Подобные размышления Элленбергера наталкивают на мысль, что, по его мнению, деятельность такого рода объединений является для истории науки явлением скорее отрицательным, нежели нормальным. Ричард Нолл подхватил эту мысль Элленбергера и всесторонне применил ее к юнгианству.
Выше уже шла речь о чрезмерном оптимизме Элленбергера по поводу возможности четкого отделения фактов от их интерпретации. Безусловно, подобный позитивистский настрой делает тон элленбергеровского исследования несколько старомодным — даже с учетом момента его написания и публикации. Будучи по образованию медиком, Элленбергер смог совершить переворот в истории психиатрии, но так, увы, и не сумел до конца совладать с методологической изощренностью современных ему профессиональных историков. Это и не удивительно: обилие новых материалов, обнаруженных Элленбергером непосредственно по теме его исследования, просто не оставляло времени для знакомства еще и с методологическими новациями в области историко–научных исследований. А между тем 60–е годы XX века были отмечены стремительным ростом популярности этой научной дисциплины и, соответственно, значительным усовершенствованием критериев качества исследования. Отражение соответствующих процессов можно найти в целом ряде публикаций тех лет [165; 166].

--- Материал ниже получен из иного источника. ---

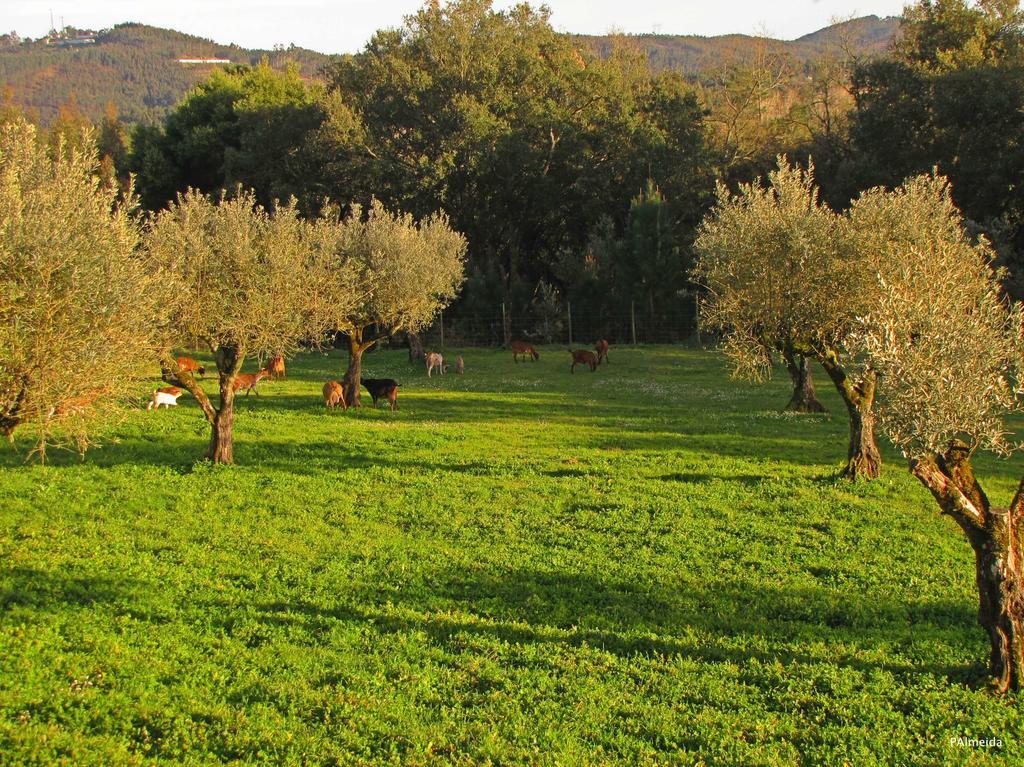 Quinta Do Cerquito Villa Ferreira do Zezere Bagian luar foto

Упомянутый общеметодологический архаизм работы Элленбергера, выразившийся в преувеличенном благоговении перед «фактами, и только фактами» и верой (по крайней мере, подспудной) в возможность постижения «Юнга самого по себе», был с лихвой восполнен первым (согласно хронологии) представителем постэлленбергеровской англоязычной критики Юнга — профессором психологии и религиоведения Чикагского университета Питером Хомансом, выпустившим в 1979 г. (т.е. спустя девять лет после «Открытия бессознательного») очень важную для нас работу под названием «Юнг в контексте: современность и становление психологии» [96]. Книга имела значительный резонанс в научных кругах Северной Америки и Западной Европы и на протяжении последующих 15 лет пользовалась устойчивым спросом у англоязычных читателей. Ввиду этого к середине 90–х возникла необходимость в ее переиздании. Вышедшим в 1995 г. вторым изданием книги (снабженным новым весьма пространным авторским введением) [95] мы и будем пользоваться в данном исследовании.

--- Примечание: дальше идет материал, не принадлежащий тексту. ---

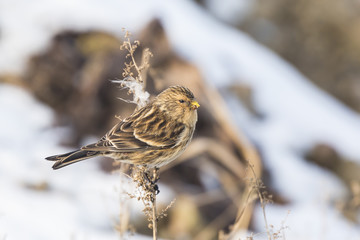 Twite (Carduelis flavirostris) bird closeup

Хомансовская работа существенно отличается от исследований Элленбергера, для которого главным является обнаружение (и демонстрация) новых, дотоле неизвестных или малоизвестных исторических фактов. Хоманс же предпочитает детальный анализ уже известных фактов. Первый тяготеет к сбору информации, второй предпочитает заниматься ее рефлексивным осмыслением. То есть имеет место своего рода «взаимодополняемость». Восторг от обнаружения новых фактов, переполнявший Элленбергера и мешавший ему уделить должное внимание их интерпретации и контекстуализации, с лихвой компенсируется панконтекстуализмом Хоманса. В каком–то смысле можно сказать, что Элленбергер и Хоманс представляют два различных уровня историко–научного познания — эмпирический и теоретический. Важно только не забывать при этом, что эти уровни глубоко взаимосвязаны.
Спецификой хомансовского подхода, как явствует уже из названия книги, является помещение Юнга в контекст, причем прежде всего в контекст социально–исторического порядка. Исходным пунктом рассуждений Хоманса является тот факт, что эволюция психоанализа в целом и юнгианства как одной из его ветвей отличалась достаточно выраженной социальной динамикой: в обоих случаях имело место превращение очень небольшой группы сторонников специфического психологического учения в могучую общественную силу, оказавшуюся одной из характерных черт социальной и культурной истории XX столетия. Наметки такого понимания фрейдизма были и у Элленбергера. Вспомним его недовольство сектантством, царившим во фрейдовской школе. Однако то было лишь, так сказать, «замечание на полях», причем касающееся исключительно Фрейда. О том, насколько важным представляется Хомансу социальный аспект и в отношении Юнга, можно судить по такому его высказыванию: «Моя работа «Юнг в контексте» не является книгой о Карле Юнге как таковом; она посвящена главным образом специфическому типу мышления, занявшему ведущие позиции (то бишь ставшему чем–то таким, что принимается за данность, абсолютную истину) в общественной жизни высокоразвитых демократий Запада. Это книга о том типе мышления, который мы привыкли называть «динамической» или «глубинной» психологией» [95, р. XII].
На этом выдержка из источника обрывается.